Here is the address:

I really did like the caption fail on Christmas carols that was in Multimodality in Motion. I wonder if it would be more difficult to do songs. I’m sure someone has tried to do a caption of Lil’ Wayne. I just looked to see if I could, and I can’t figure it out. Can people caption videos that they don’t upload? That would seem a key feature of adaptability.

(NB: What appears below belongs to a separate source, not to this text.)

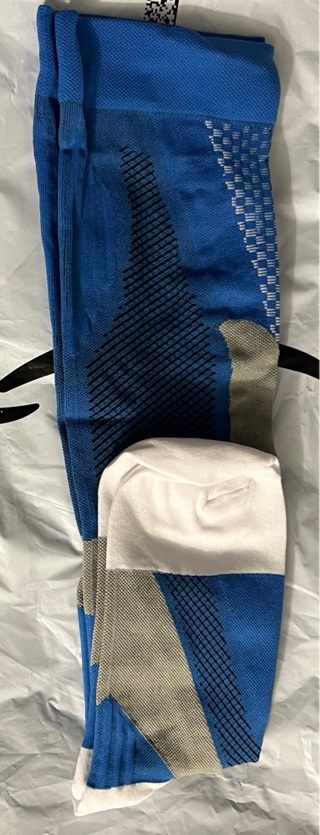 New: Blue/Gray Compression Socks Unisex 20-30mmhg. Medical/Support/Sports/Nurses/Circulation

UPDATE: Sunday, February 10th

Okay. My overall reaction is that this tool is overall-useful and maybe the mirth at its expense is just mirth. To be fair, I tried to do the opposite of the caption fail guys and speak slowly and clearly. And that probably isn’t realistic. Also, since Melanie told us that the software listens for the voices of middle-class white guys from the Midwest, well, there it is. I think I also have a good shot at being a national, accent-neutral weather person. The actual text is in the blog below (#1 – #3).

1) Found poetry. The mistaken words / phrases in my caption fail(?) have a cool, oblique quality to them. The grammar is not impossible, just the word combinations. For example, “in poor taste” became “indian port eight”. It sounds kind of like a rock lyric (i.e. “I thought it was in poor taste / we met at indian port eight” with some fuzzy guitars) that everyone thought meant my drug dealer’s house but was actually my mom’s street name. Now, the most obvious caption fail was the exchange of ‘deaf’ for ‘death.’ The line that stands on its own (“She is deaf”) but becomes “She is death” is so stark but it actually happens three times. The irony that captions that might be used by people who are deaf to access videos on YouTube change ‘deaf’ into ‘death’ is pretty inescapable. There is something to be said for consistency, I suppose. Of course, since I was trying pretty hard for a faithful rendering of what I said out loud and my original purpose was to be clear, the caption fail didn’t follow that. I got the feeling that the guys we watched in class were speaking quickly / in an affected way in order to find some fun / poetry. In this case, at least, I was trying to be a party pooper — at which I largely succeeded.

2) Stir-fry text? I’m going to stay with similarities of caption fail and stir-fry. Andrews suggests that stir-frys allow you to make your own text with “spastic interactivity.” He means that, once he designs it, readers make their own. With caption fail, it’s like I make the original and YouTube makes its own with that interactivity. I would imagine that if I read the same passage more quickly or with an affected accent, I might get more words. In other words, I might get ideas for a new stir-fry if I did a whole bunch of caption fails. One other comment. YouTube capital-F Fails at names. Try to match these (one name garnered two different fails):

1) Zdenick                                                        a) j ke e

2) Anne Gere’s                                                 b) “bruce taylor”

3) Ruth Anna                                                    c) “this a demic”

4) JPEE                                                            d) “retainer”

e) “in years”

Though I imagine you might get them, it seems noteworthy that, like the stir-fry that switched the author of the quote at each mouse touch, proper names (except Michigan and Caribbean…) changed.

3) Patterns. Like I said, the caption tool worked (for the most part). One pattern was the inability to recognize proper nouns. Another one is the /f/ and /th/ sounds.  At least with ‘deaf,’ the mistake happened every time. Verb endings also change on a pretty regular basis — for example ‘describe’ in the original becomes ‘describing’ in the text. That is something I read over / ignored at first, but when nuance is important that lack of accessibility to the full spectrum of verbs might be an issue.